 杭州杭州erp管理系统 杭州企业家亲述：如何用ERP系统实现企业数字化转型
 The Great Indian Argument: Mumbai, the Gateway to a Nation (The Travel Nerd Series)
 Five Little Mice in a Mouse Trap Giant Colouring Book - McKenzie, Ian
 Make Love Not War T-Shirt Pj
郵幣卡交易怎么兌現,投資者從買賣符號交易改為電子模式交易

--

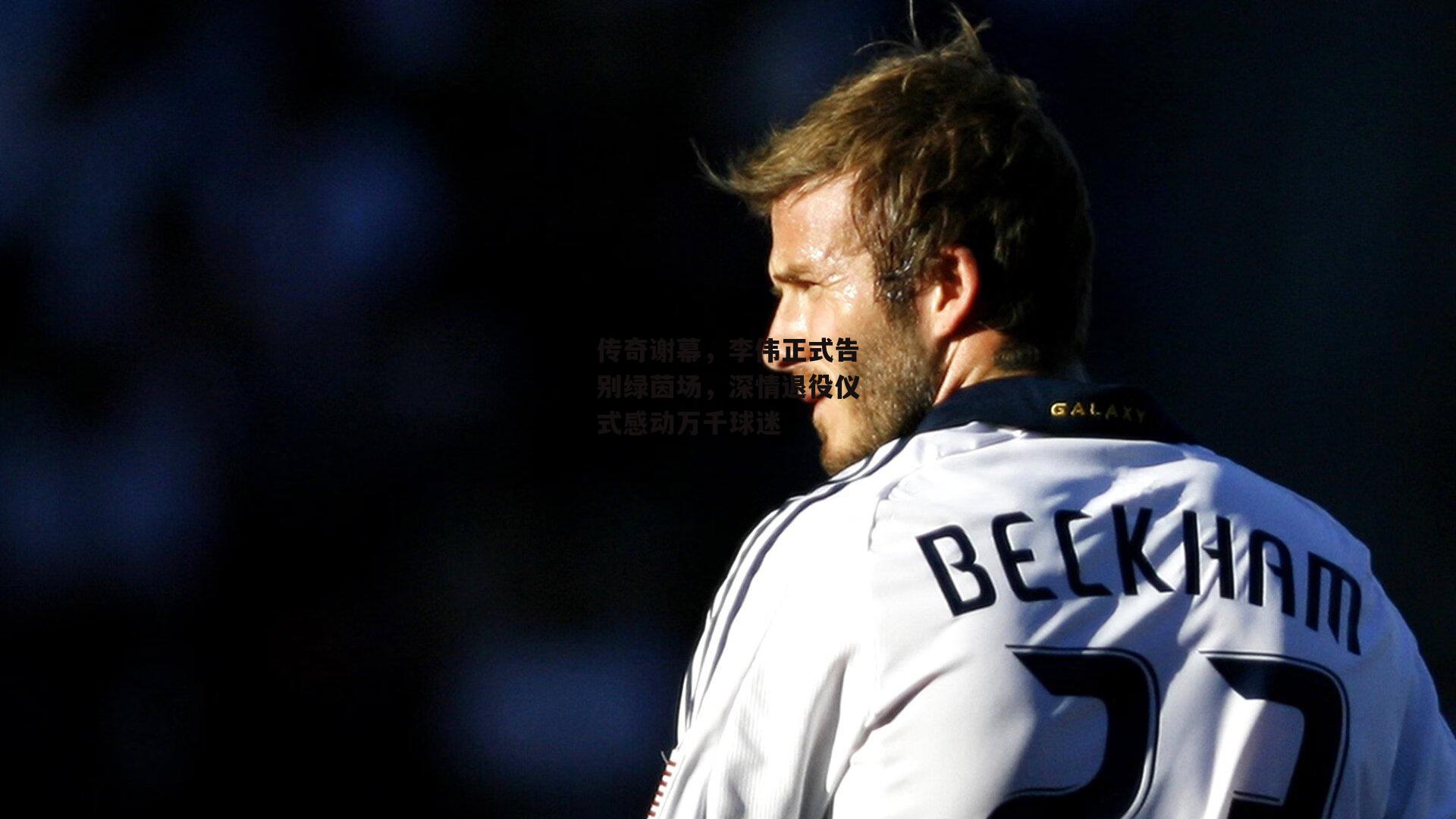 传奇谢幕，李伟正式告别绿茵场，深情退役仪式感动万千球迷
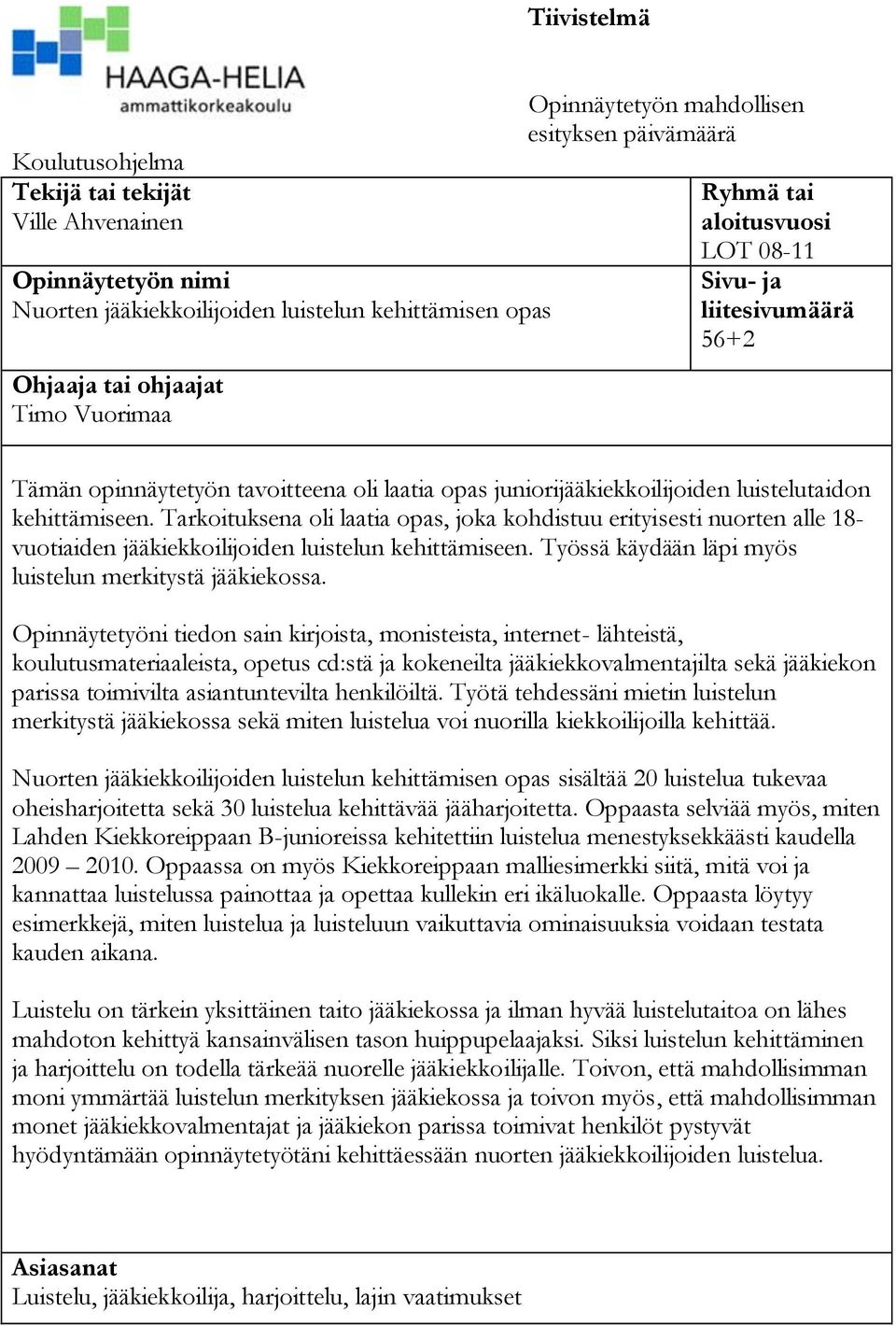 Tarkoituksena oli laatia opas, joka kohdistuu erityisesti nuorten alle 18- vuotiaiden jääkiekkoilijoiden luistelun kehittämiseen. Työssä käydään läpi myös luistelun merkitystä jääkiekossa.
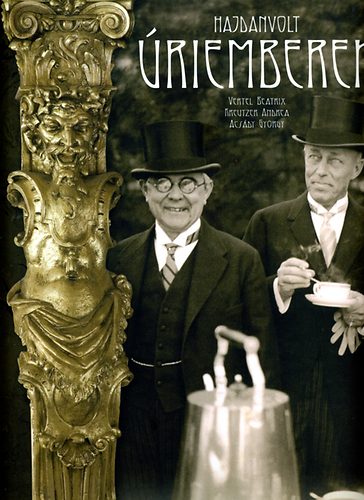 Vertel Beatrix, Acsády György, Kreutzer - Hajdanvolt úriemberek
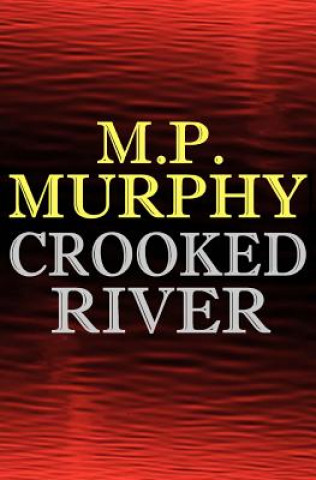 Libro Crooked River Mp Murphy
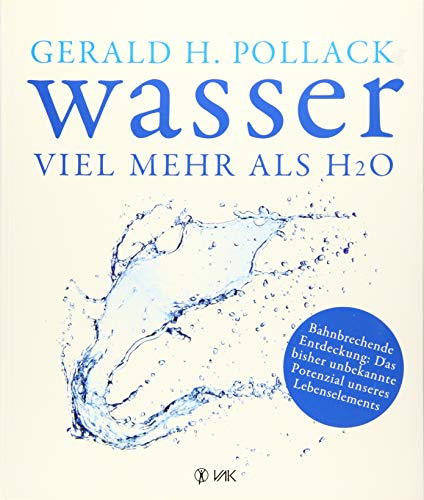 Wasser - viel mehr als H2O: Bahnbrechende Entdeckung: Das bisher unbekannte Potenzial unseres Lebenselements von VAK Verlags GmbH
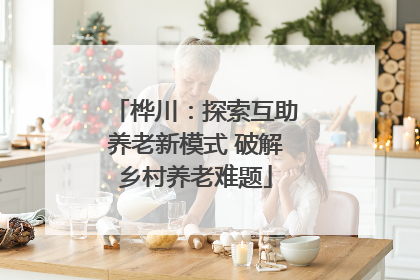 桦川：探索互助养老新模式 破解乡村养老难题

*Aim of the exercise*: Give back exactly the lines above from the one with "Vertel Beatrix, Acsády" through the one with "桦川：探索互助养老新模式 破解乡村养老难题", both included. Pictures don't belong in the copy.

*Answer to this task*:
 Vertel Beatrix, Acsády György, Kreutzer - Hajdanvolt úriemberek
 Libro Crooked River Mp Murphy
 Wasser - viel mehr als H2O: Bahnbrechende Entdeckung: Das bisher unbekannte Potenzial unseres Lebenselements von VAK Verlags GmbH
 桦川：探索互助养老新模式 破解乡村养老难题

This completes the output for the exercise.